The top question for many readers is whether the aid suspension is a good idea.  Let’s outline the problem:

  • Pakistan harbors the sustainable root of the Afghan insurgency. If it weren’t for Pakistan’s double game, the U.S. presence could be much smaller.
  • It could save us $2BN a year of military aid.
  • Unless the Russians decide it’s in their interest to resume land transshipment, the $2BN could be quickly eaten up by the cost of supply by air.
  • The aid cutoff may be informed by a special situation, with greater understanding of Pakistan’s volatile internals than evident in open sources. If so, it has a chance of success. There is  indication of conflict on this issue, between civil and military, that the cutoff could leverage.
  • Absent that special situation, it won’t have the desired effect, which is primarily to force Pakistan to destroy the parts of the Haqqani network that intrude into Pakistan, and similar groups.
  • Something is birthing in Pakistan that could eventually result in what we want, though on a time scale too slow for quick relief.

There’s a long and a short to why U.S. money and pressure has not thus far motivated action against the Haqqani network.. Preferring a definite statement instead of a waffle,

***Pakistan is a failed state***

Pakistan is #17 on the 2017 Fragile State Index. It has improved annually since 2012.

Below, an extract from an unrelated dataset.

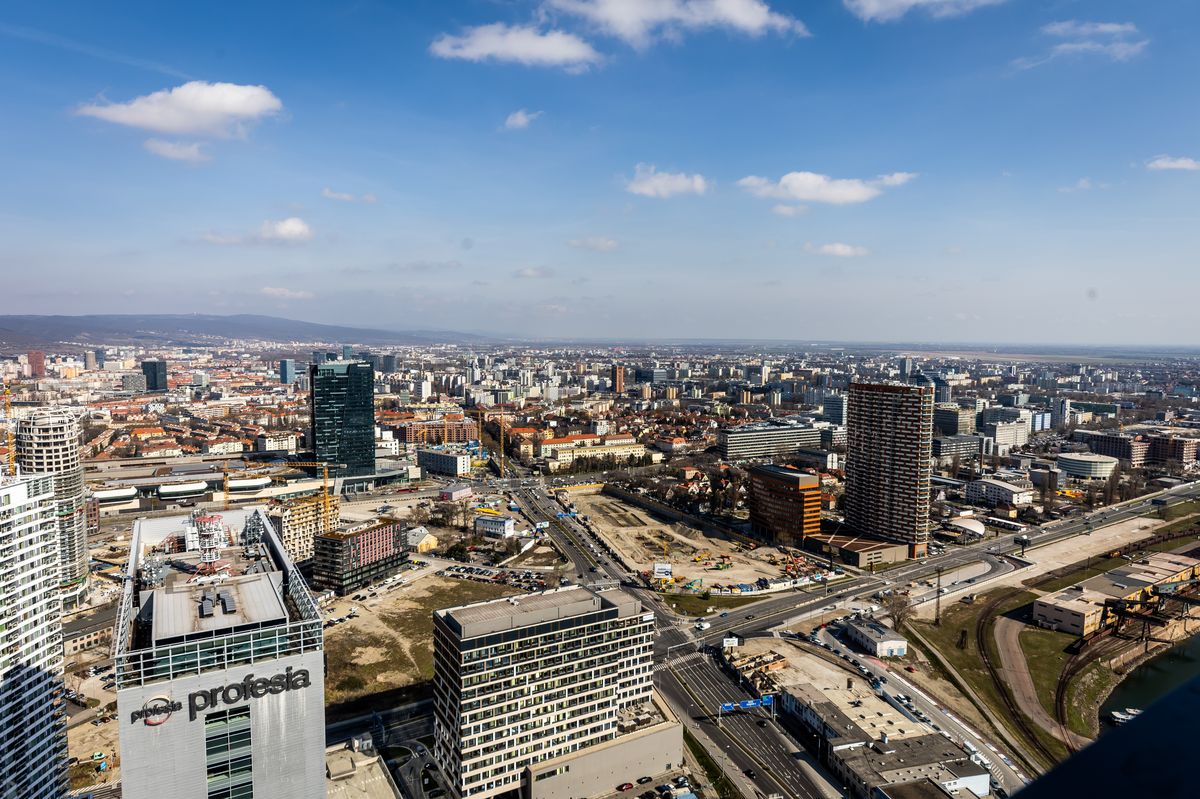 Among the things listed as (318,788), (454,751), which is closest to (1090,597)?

This is easily concealed to the new or  hopeful statesman, because the elite of Pakistan are a cultured bunch,  more than able to hold their own in conversation, in beautifully spoken English. With impeccable social skills, they will fete you at dinners, all the while displaying table manners that are probably superior to our own.  And after you’ve burped your way back to comfort, you’ll discover that they have told you nothing. Former defense secretary Robert Gates remarked on this in (Reuters 1/21/2010), “Pakistan’s future military plans? U.S. doesn’t know”:

Despite billions of dollars in U.S. aid and a charm offensive that included Thursday’s trip by Defense Secretary Robert Gates’ to Islamabad, a significant “trust deficit” is putting distance between the two militaries....“The Pakistan military - they don’t share with us in advance their plans and intentions,” the official told reporters in Pakistan, speaking on the condition of anonymity....“We’re reliant on what their public press statements are, just like everybody else is... Any question about the future, honestly, we find out about the same time everybody else does, because they don’t tell us in advance what they intend to do.”

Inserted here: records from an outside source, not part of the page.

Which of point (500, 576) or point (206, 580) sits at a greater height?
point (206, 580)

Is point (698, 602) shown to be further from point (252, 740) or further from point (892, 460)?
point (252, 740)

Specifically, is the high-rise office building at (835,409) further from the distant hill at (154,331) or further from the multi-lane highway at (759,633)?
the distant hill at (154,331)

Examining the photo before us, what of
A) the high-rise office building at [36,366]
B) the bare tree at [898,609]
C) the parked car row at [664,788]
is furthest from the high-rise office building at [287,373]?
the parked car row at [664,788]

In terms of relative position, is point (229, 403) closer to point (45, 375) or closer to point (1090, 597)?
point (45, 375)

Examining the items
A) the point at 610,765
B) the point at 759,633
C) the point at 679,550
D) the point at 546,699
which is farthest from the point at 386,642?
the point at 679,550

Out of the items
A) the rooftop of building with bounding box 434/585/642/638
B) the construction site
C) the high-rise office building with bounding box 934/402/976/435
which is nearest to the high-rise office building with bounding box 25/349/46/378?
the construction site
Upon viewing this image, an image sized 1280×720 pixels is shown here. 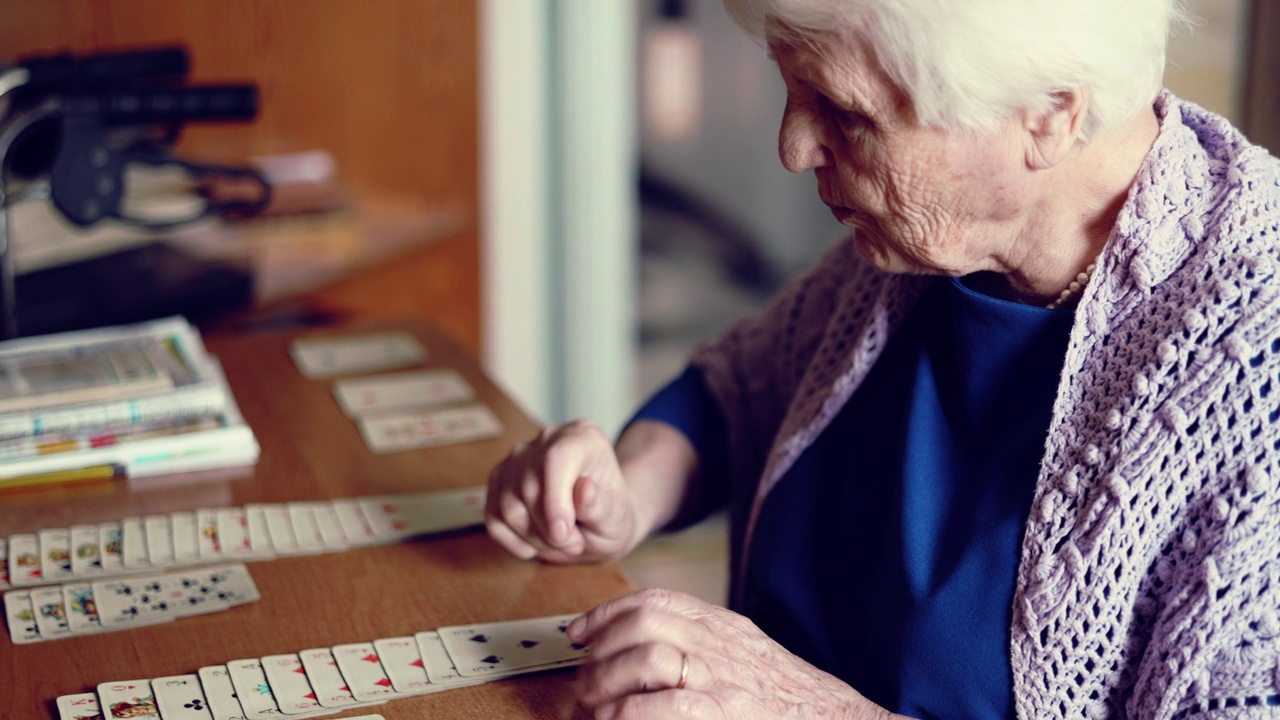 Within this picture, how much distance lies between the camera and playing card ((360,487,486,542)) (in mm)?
1224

Even Gates was susceptible to the hospitality of his hosts. So he politely left them an out for their double game, which at the time included support of Haqqani:

The official said he was certain the “trust problem” was a major factor, although he and a U.S. defense official added that secrecy has its advantages when launching offensives.

Fragile or failed, the index is compiled from statistics. It can’t express the personal factor: A failed state offers no one to negotiate with. Talk to, yes. Negotiate with, no. The Pakistanis, with their white glove hospitality, conceal this well. You think you are talking to an authority. Perhaps, in a limited way, this is true. Pakistan is a place of fiefs. But unlike the traditional fief, which was a land domain, patent, or right granted by a sovereign, Pakistan’s fiefs are quasi-sovereign themselves.

For example, Pakistan’s military is not subordinate to the civil government. Open sources on this subject are highly charged, as if written by stakeholders.  Examples are provided by The Diplomat pages, and particularly, After Dawn: The Civil-Military Chasm Deepens in Pakistan. Lacking the literal reliability of Western reporting, there is information to be gleaned. The article begins with

On October 6, Cyril Almeida, a senior Pakistani journalist, published an article in the English-language daily Dawn entitled “Act against militants or face international isolation, civilians tell military.” The article narrated an intense scene of heated debate between the country’s top civil and military leaders, held a few days ago.

China’s influence turns out to be crucial:

The government’s cautious demand — some might call it an expression of frustration — of the military to gain consensus on some of the country’s security policies may not have been the result of India’s recently declared policy to isolate Pakistan internationally, but due to the steadily building pressure from Pakistan’s closet ally, China, which has questioned Pakistan’s logic behind putting a technical hold on India’s move to ban Jaish-e-Mohammad (JeM) chief Masood Azhar at the United Nations (UN).

China is crucial because it has made Pakistan a major part of Silk Road, aiming to create a modern corridor of influence and prosperity all the way to Karachi.  The reporting of The Diplomat implicitly suggests China as a reason for (Reuters) Exclusive: Pakistan plans takeover of charities run by Islamist figure U.S. has targeted. But there is no evidence that U.S. pressure has anything to do with it. It precedes the aid cutoff.

There remain strong counter currents to the above.  Pakistan as it now exists is not going to quietly cede the future to something else.

Conclusion: If the aid cutoff is an intelligently informed attempt to strengthen the hand of the civil government, it might work.

Let’s not end the discussion like this, because it resembles a traditional chess game of geopolitics. It’s really a currents-of-history thing. Questions:

  • How did Pakistan become a failed state?
  • Who is going to rescue it?

To be continued shortly. In the meantime, meet the new kid on the block.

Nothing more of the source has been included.